S’il y a bien ici volonté de provoquer, elle ne tient pas à la question du football à l’école (quoique), elle tient à l’idée toute simple, banale qu’il puisse (le foot), comme toute autre Apsa, être une éducation physique et sportive. Assertion qui, s’agissant de nos disputes professionnelles sur la nature exacte de notre discipline, a le mérite de renverser leurs cadres habituels et convenus, d’y introduire un peu de dialectique. Le foot, comme culture, comme création et activité humaines, œuvre, n’est-il pas une promesse d’éducation physique et sportive  ? Entrer dans cette logique suppose d’accepter, au moins provisoirement, de dissocier l’activité football, compétitive et ludique, la diversité des pratiques sociales qu’elle génère, du système foot dominant. Et donc de ne plus le penser comme simple « support », mais indissociablement comme sujet et objet, but et moyen d’éducation !
On sait la place qu’occupe la main et son usage dans l’hominisation. Or paradoxalement surgit de l’histoire, ce jeu où l’organisation de l’appareil locomoteur, est fondamentalement remise en cause. Plus, cet appareil est mobilisé pour se déplacer, balle aux pieds, intelligemment, dans un espace gorgé d’incertitudes. Mais il est encore utilisé pour manipuler, attraper, passer, et finalement projeter un objet capricieux dans une cible… mettant ainsi les pieds à l’honneur. C’est sûrement dans ce « cul par-dessus tête » anthropologique que se joue en partie la potentialité éducative du football, que s’explique sans doute aussi une partie du désir, du plaisir, de l’émotion qu’il suscite, de l’imaginaire qu’il met en branle. Car apprendre à jouer au foot, délibérément, consciemment, c’est quitter un certain soi-même, rompre avec un état pré existant et entrer dans un autre univers, un nouveau rapport à son environnement physique et humain, celui du « monde/foot ». Bref devenir le temps d’une partie mais en fait pour toujours, un autre soi-même. C’est cela aussi, s’éduquer. Et derrière la technicité (d’ordre tactico/technique) footballistique, comme mode, toujours personnel, de résoudre des problèmes, trop souvent ramenée au seul ordre performatif, incontournable par ailleurs, sachons voir des pouvoirs à conquérir, une source de développement infini. Ce numéro de Contre Pied veut nous aider à mieux repérer et identifier les savoirs propres au football et « déposés », parfois cachés dans ses règles, ses pratiques. Exigence qui ne peut se satisfaire de ce qu’on croit savoir ou voir spontanément du jeu et suppose un formidable travail de mise à distance, de modélisation du jeu, de production de savoirs sur les savoirs du foot. Et il n’y a pas accord sur l’essentiel de ce qu’il faudrait retenir du foot, sur le rapport règles/savoirs, sur la nature et le contenu concret des savoirs à retenir pour l’école (tactiques, techniques, tactico/techniques, technico/tactiques ?).

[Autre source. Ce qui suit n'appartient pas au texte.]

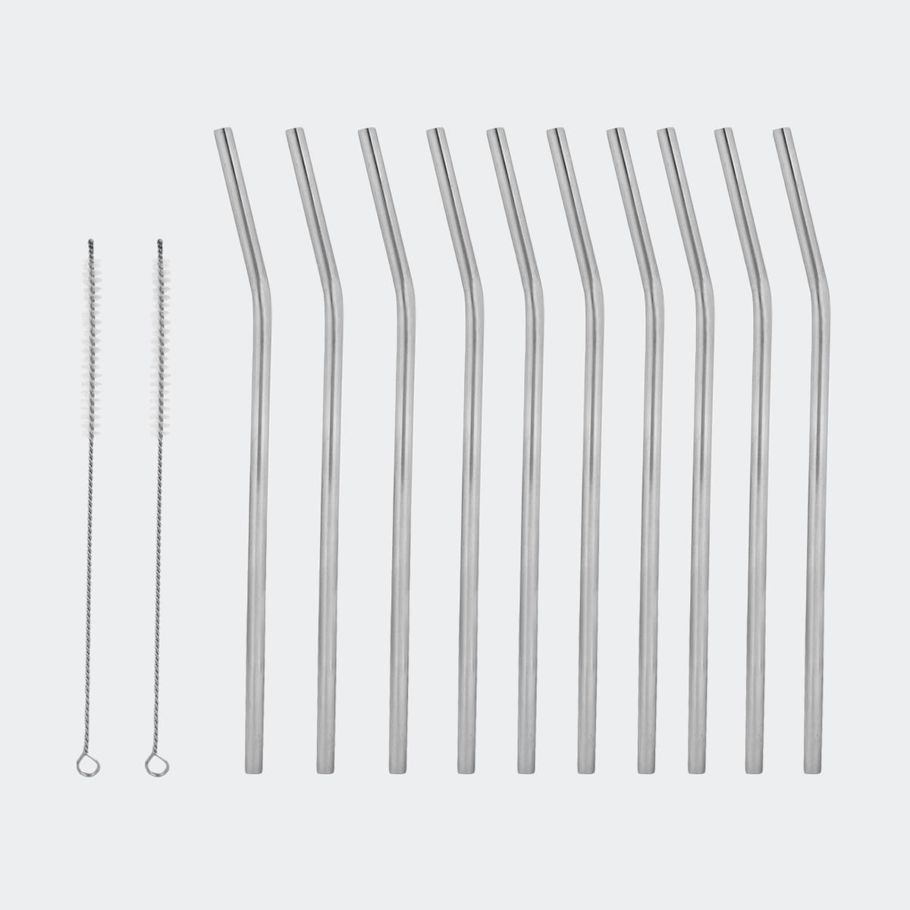 10 Piece Silver Metal Straws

Ce numéro doit être l’occasion de revenir sur la question fondamentale des règles dans un jeu particulièrement réglé, travail engagé dans le numéro sur le Rugby, poursuivi à propos du Handball. Pour ne prendre que cet exemple, une certaine critique de la didactique observe que des propositions de contenus en foot sont faites qui ignorent la règle du hors-jeu, alors qu’elle en serait constitutive. Le reproche s’entend. Pierre Arrighi, lui, nous rappelle que le football sud- américain repose d’abord et toujours sur un foot de rue dont les règles se négocient sur place, suivant le « contexte » et dont personne là-bas n’oserait prétendre qu’il n’est pas du vrai foot. Que cette possibilité offerte par le jeu lui-même, de jouer, dans l’esprit du jeu, avec la règle est au cœur de la singularité du foot.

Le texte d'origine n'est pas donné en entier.